Additionally, and uniquely amongst media artefacts, they (along with other print media) are their own self-contained interface; unlike CDs, DVDs, video tapes, audio cassettes, and vinyl discs, they require no equipment other than the reader's eyes and brain, in order to be decoded and absorbed.

Books, magazines, newsletters, all come in a huge variety of formats, but the fact that no equipment or interface is required to read them means this heterogeneity is not a problem. eBooks are sold in a variety of proprietary formats, each of which requires a special piece of hardware or software in order to be read by the reader. There's nothing intrinsically wrong with having a variety of readers - Kindle, Sony Readers, iPads and the rest - but if eBooks are to have a future beyond mere novelty, these readers must eventually possess a multi-format capability, enabling them to read eBooks in all known proprietary and Open formats. Human readers can then select the reading platform with which they are most comfortable, safe in the knowledge that they can read eBooks in any format, purchased from any source. And while we're on the subject, this "all formats" capability should also include full backward compatibility with all previous eBook formats, on a continuing, non-expiring basis. There should be no obsolescence of formats, as far as readers are concerned. After all, I can (with care and cotton gloves) read a Medieval manuscript quite easily, despite the hundreds of years since it was printed; so why should I be unable to read an eBook published a mere 20 years ago, just because its format is no longer in use? (This is not idle fretting: try finding an MS Word plugin to enable you to read a document produced using word processor software from 20 years ago - there are plenty of formats from that era which Word cannot open successfully).

OK, so I've mentioned the issues surrounding the ability to read all eBook formats. Now what about this subculture I mentioned in the opening paragraph?
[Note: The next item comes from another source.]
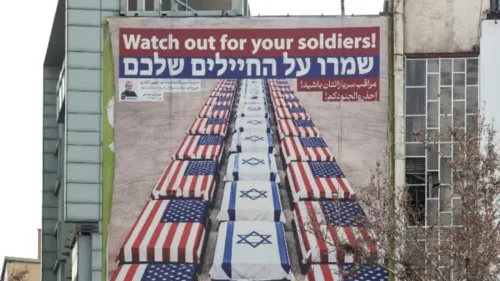لافتة تحذر الجنود الإسرائيليين، تظهر توابيت مغطاة بالأعلام الأمريكية والإسرائيلية، تعكس التوترات المتصاعدة في الشرق الأوسط.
E-bookstore software such as Adobe's Content Server 4 allows for borrowing of eBooks, with an encoded expiration date, so the "lending library" cultural model appears capable of being covered in the eBook realm. However, all of current eBook transactions take place at the corporate level - whether the corporate entity in question is a bookstore or a lending library, and even if the transactions are free. The key element that's missing is putting the DRM or Copy Protection into the hands of private individuals. What we really need is transferrable DRM. Imagine the following scenario: I want to lend you the eBook I just read. If I just email it to you, you'll fall foul of the DRM. However, if my reader of choice has a (hypothetical) "transfer" function, it puts a digital wrapper around the eBook before emailing it to you, which your reader's "receive" function decodes, acquiring the eBook along with the DRM required to read it. Meanwhile, although I still have a copy of the eBook on my device, its DRM is now marked as expired, so I cannot read it. In effect I've given you the book. Transferrable DRM. Now that's a rather clumsy process, but it illustrates the principle of what I think of as "transferrable DRM". To give you an eBook, the process would be as described. To lend you an eBook, you'd simply reverse the process after reading, sending it back to me. To donate a book to a charity shop, you'd send the eBook to their computer, and they in turn would send it to someone wishing to buy it from them. And so on. Making ownership of an eBook a simple transferrable token would open up the world of eBooks, enabling them to develop the same rich culture which surrounds the world of printed books.

The publishers wouldn't welcome any of this, of course. They prefer a model in which everyone who reads an eBook reads a copy which they have purchased themselves, at full retail price. But publishers, representing the Business aspect of books, are merely a component of the cultural world of books. Their role in relation to eBooks should be similar, otherwise eBooks will never be a cultural phenomenon, merely a line of retail business, selling to those with large disposable incomes and sidelining the disadvantaged.